According to sources in the state government, Banerjee is scheduled to announce a series of projects in response to Modi’s announcements. “She will announce the second phase of the ‘Banglar Bari’ project, which will benefit 16 lakh families. This project was started by the state government after the Centre stalled the financial assistance under the Pradhan Mantri Awas Yojana (PMAY). According to top officials, with this project, the CM will also be able to give the message of how the Centre has a step-motherly attitude towards Bengal,” said a senior official.
“The CM may also announce a wire-housing project for the Singur industrial area, which will also send a message that this government is not against industrialisation,” the official said.
The Singur agitation
In the 2006 Bengal Assembly elections, the incumbent Left Front came to power with a thumping majority for the seventh consecutive term. Shortly after the elections, with the CPI(M) having focused its campaign on the promise of industrialisation and employment generation, then CM Buddhadeb Bhattacharjee announced that Tata Motors would set up a car manufacturing unit to produce its Nano model, for which close to 1,000 acres of land would be allocated.
The land acquisition process started by the government sparked protests from locals in Singur, besides smaller political outfits such as the Socialist Unity Centre of India (Communist) and CPI (M-L).
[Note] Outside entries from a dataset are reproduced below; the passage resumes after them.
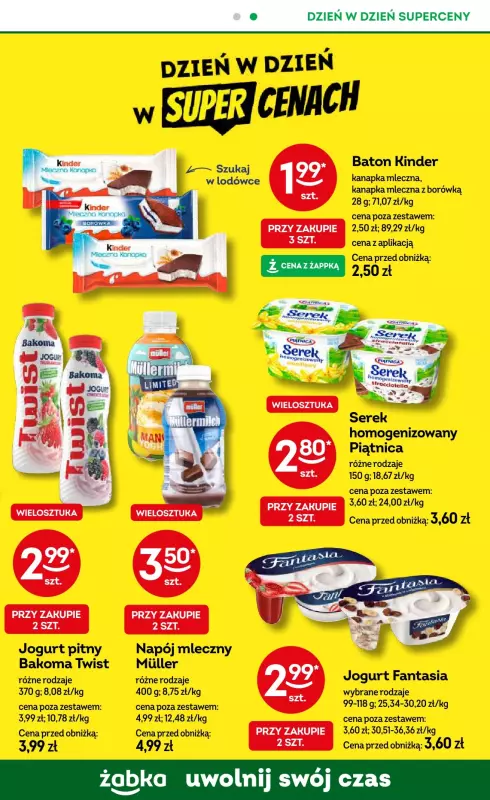Żabka - gazetka promocyjna Gazetka od środy 18.06 do wtorku 01.07 - strona 75
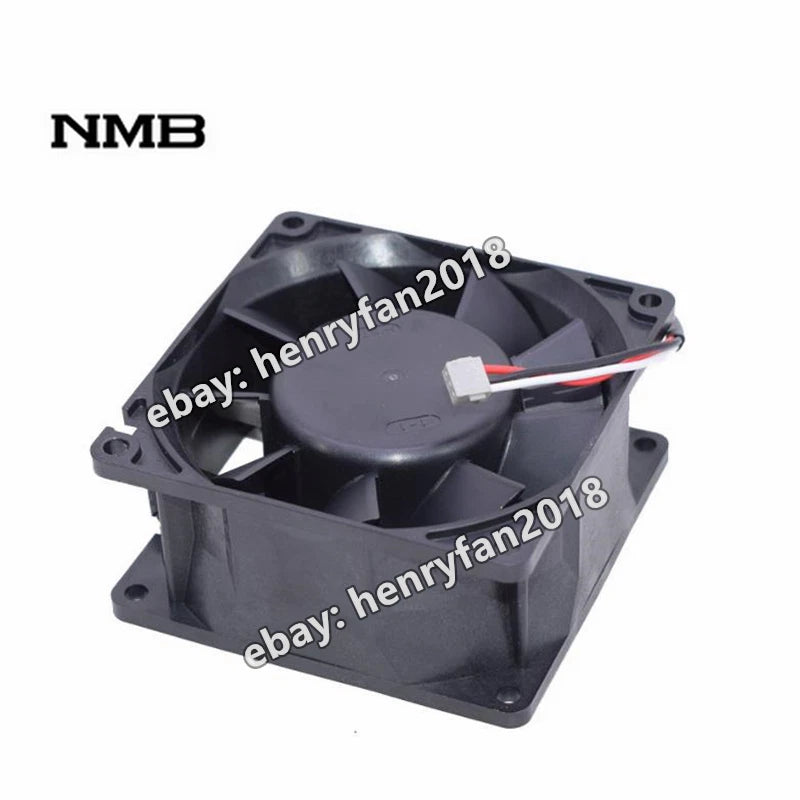 NMB 3115RL-05W-B69 DC 24V 0.50A 80*80*38MM For  Schneider Inverter Cooling Fan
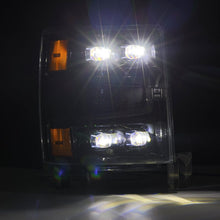 Load image into Gallery viewer, AlphaRex 04-15 Chevy 1500 NOVA-Series LED Proj Headlights Alpha BL w/Activ Light/Seq Signal &amp; SB DRL Headlights AlphaRex
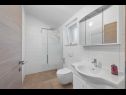 Vakantiehuizen LariF - luxury in nature: H(10+2) Nedescina - Istrië  - Kroatië  - H(10+2): badkamer met toilet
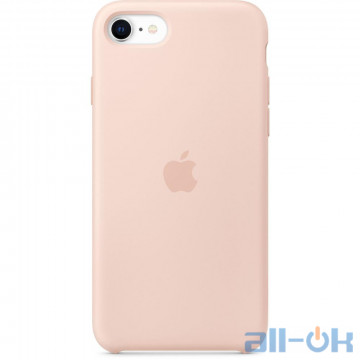 Чохол для смартфону Apple iPhone SE Silicone Case - Pink Sand (MXYK2)
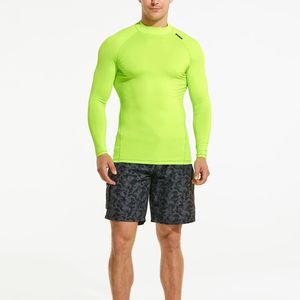 เสื้อออกกำลังกาย MMA ผ้าซับลิเมชันยาวพิมพ์โลโก้ตามสั่ง - Product Image 2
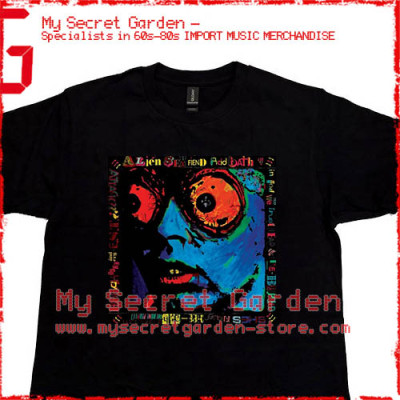 Alien Sex Fiend - Acid Bath T Shirt 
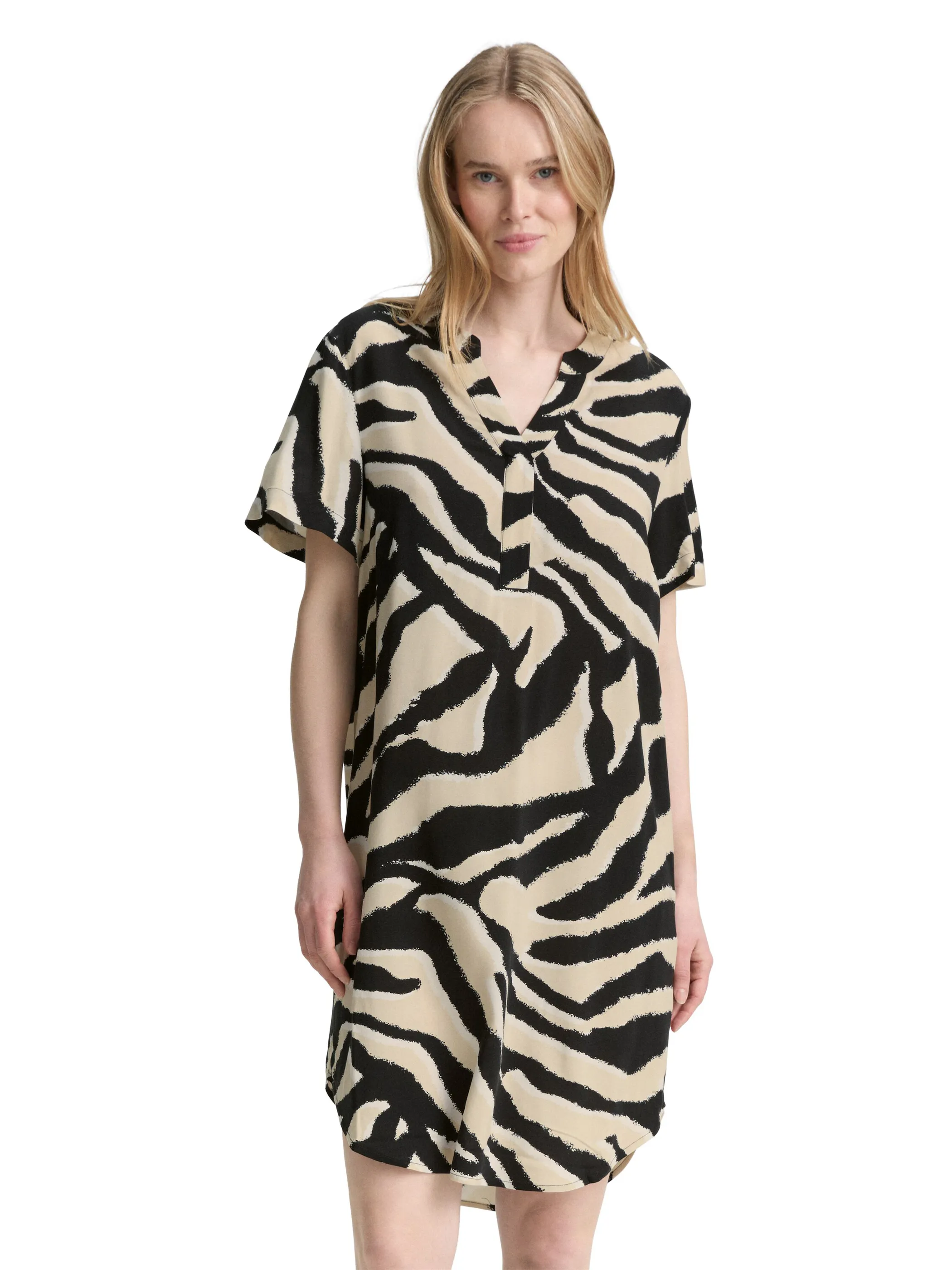 Tom Tailor 1046491 dress easy shape Beige 910037 38070 3 Tom Tailor 1046491 dress easy shape Beige 910037 38070 3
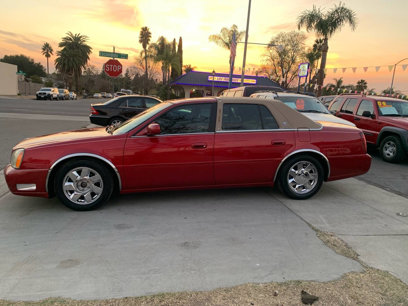Used 2002 Cadillac De Ville DTS w/ Premium Equipment Pkg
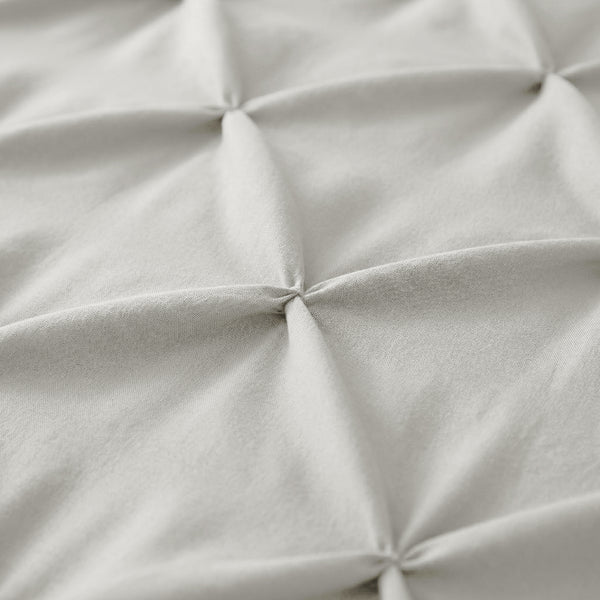 Dekbed Zonder Overtrek - Lazy Dekbed Pintuck Off White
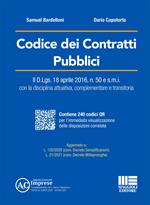 Codice dei contratti pubblici. Con espansione online
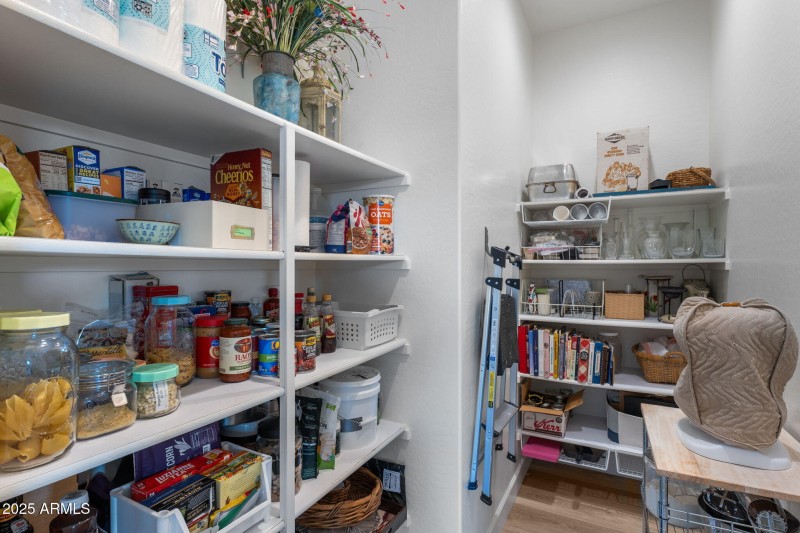 Large Walk-in Pantry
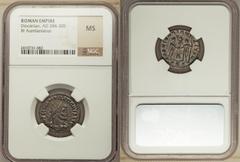 Ancients Ancient Lots ANCIENT LOTS. Roman Imperial. Ca. AD 270-337. Lot of three (3) BI nummus and antoniniani. NGC AU-MS. Includes: Aurelian (AD 270-275), BI antoninianus, emperor and Jupiter reverse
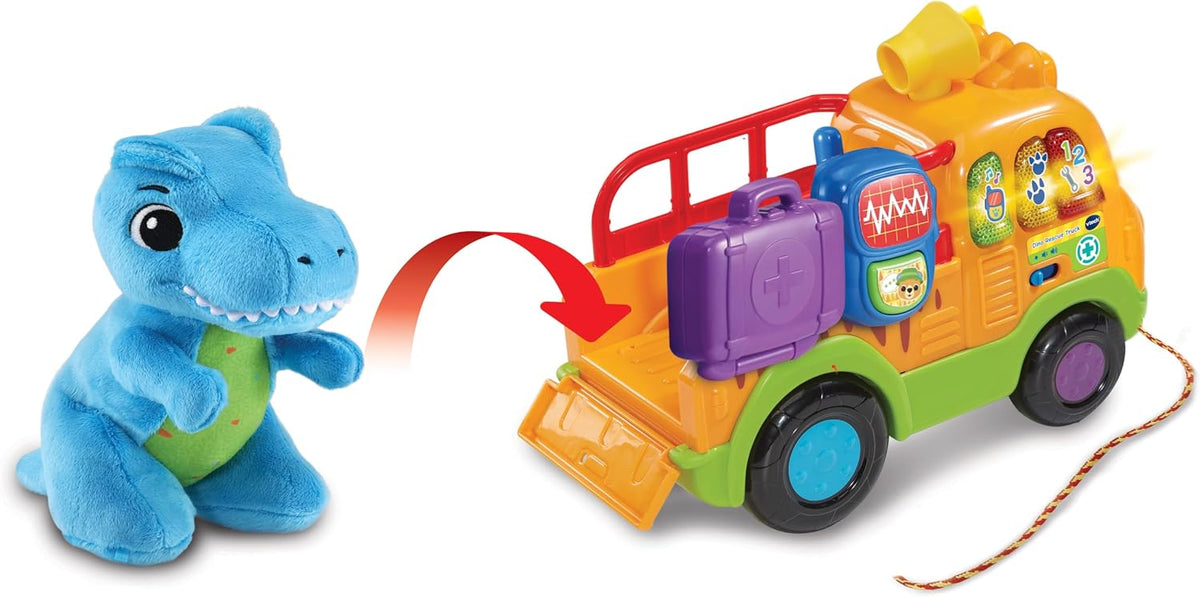 Vtech - Dino Rescue Truck- English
Despite the initial protests, the government was able to acquire the land in Singur and Tata was able to start the construction of its plant there.
In late 2006, Mamata began her anti-land acquisition movement against the Left government to “save fertile farmland”. When she was prevented from entering Singur, she returned to Kolkata and launched a hunger strike. Over the course of her 26-day fast, she drew broad support from different sections of society for her movement, including from activists and intellectuals.
In early 2008, Tata Motors unveiled Nano at the Auto Expo in New Delhi, and days later the Calcutta High Court upheld the land acquisition in Singur as legal. Not only did Mamata continue her Singur agitation, but another anti-land acquisition movement in Nandigram over a proposed chemicals industry hub also gave her further momentum to challenge the Left government.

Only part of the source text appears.